Problem statement
Begin the copy at the line containing "A 22ct gold" in the data below and end it at the line containing "Banheiro adaptado com", keeping each line exact and leaving out pictures.

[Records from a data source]
- - - -

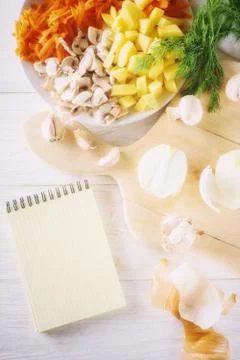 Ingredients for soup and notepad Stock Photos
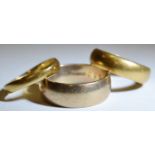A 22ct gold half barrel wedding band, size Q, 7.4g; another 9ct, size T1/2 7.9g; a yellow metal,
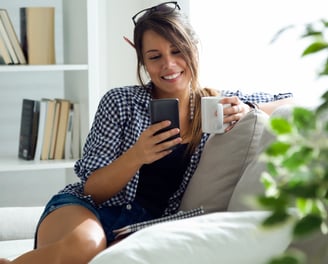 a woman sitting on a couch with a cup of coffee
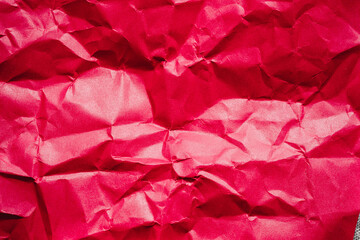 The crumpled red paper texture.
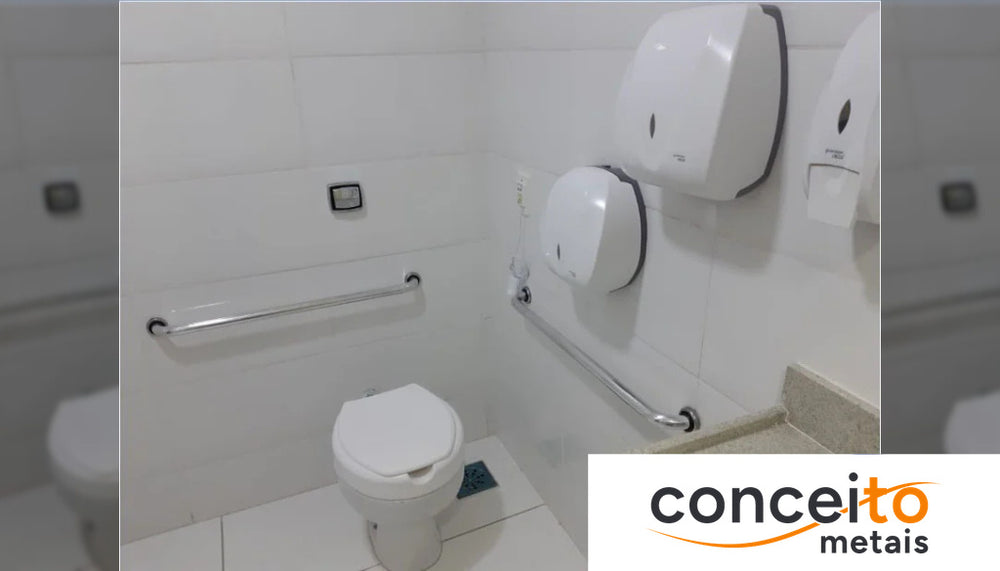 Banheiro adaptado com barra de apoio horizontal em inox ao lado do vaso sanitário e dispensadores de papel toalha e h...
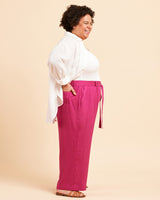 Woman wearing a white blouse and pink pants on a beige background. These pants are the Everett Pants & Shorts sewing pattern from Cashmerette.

- - - -

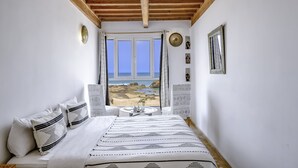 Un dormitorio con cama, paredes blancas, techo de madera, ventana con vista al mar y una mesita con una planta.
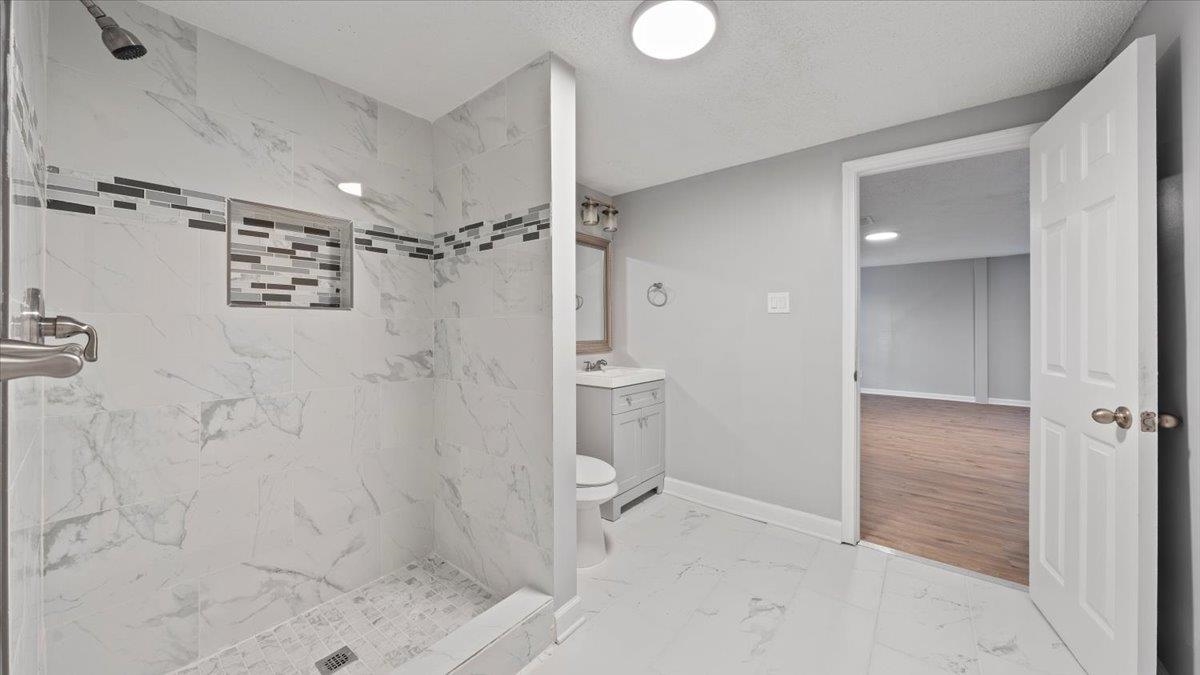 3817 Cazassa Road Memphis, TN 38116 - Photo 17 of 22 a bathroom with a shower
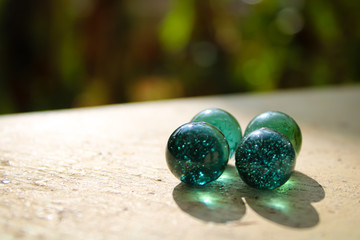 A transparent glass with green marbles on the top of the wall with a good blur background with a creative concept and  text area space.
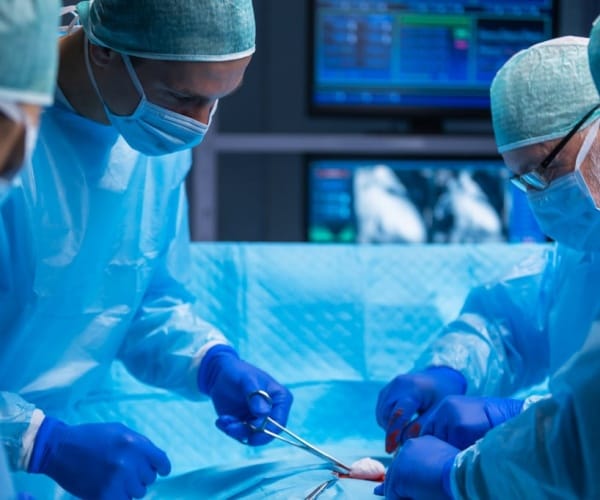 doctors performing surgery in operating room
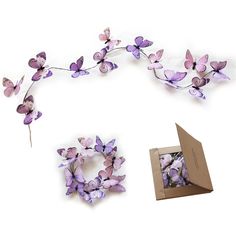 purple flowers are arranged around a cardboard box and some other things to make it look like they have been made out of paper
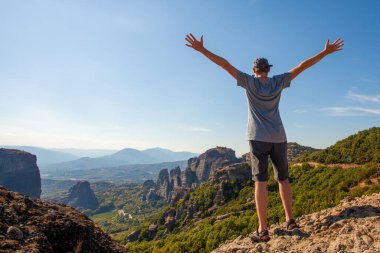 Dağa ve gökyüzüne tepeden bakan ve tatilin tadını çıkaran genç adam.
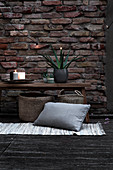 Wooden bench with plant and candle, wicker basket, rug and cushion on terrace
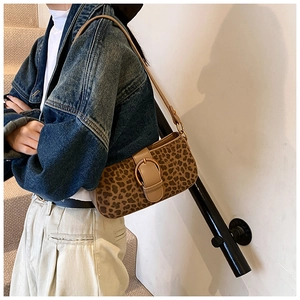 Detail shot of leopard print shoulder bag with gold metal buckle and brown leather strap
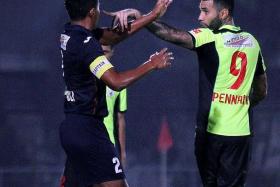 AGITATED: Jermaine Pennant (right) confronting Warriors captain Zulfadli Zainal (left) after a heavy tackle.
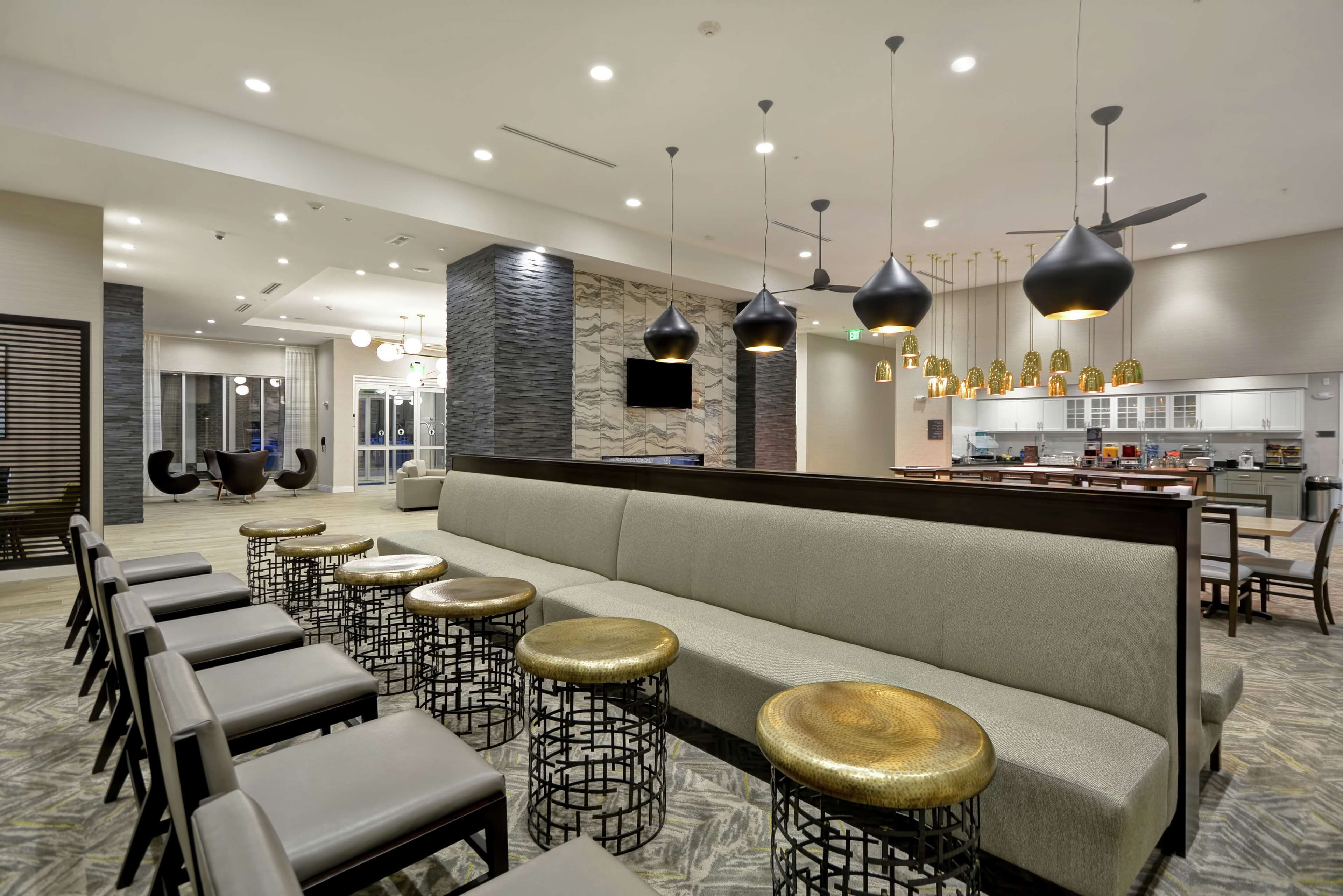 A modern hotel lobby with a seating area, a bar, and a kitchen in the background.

- - - -

Written response
A 22ct gold half barrel wedding band, size Q, 7.4g; another 9ct, size T1/2 7.9g; a yellow metal,
 a woman sitting on a couch with a cup of coffee
 The crumpled red paper texture.
 Banheiro adaptado com barra de apoio horizontal em inox ao lado do vaso sanitário e dispensadores de papel toalha e h...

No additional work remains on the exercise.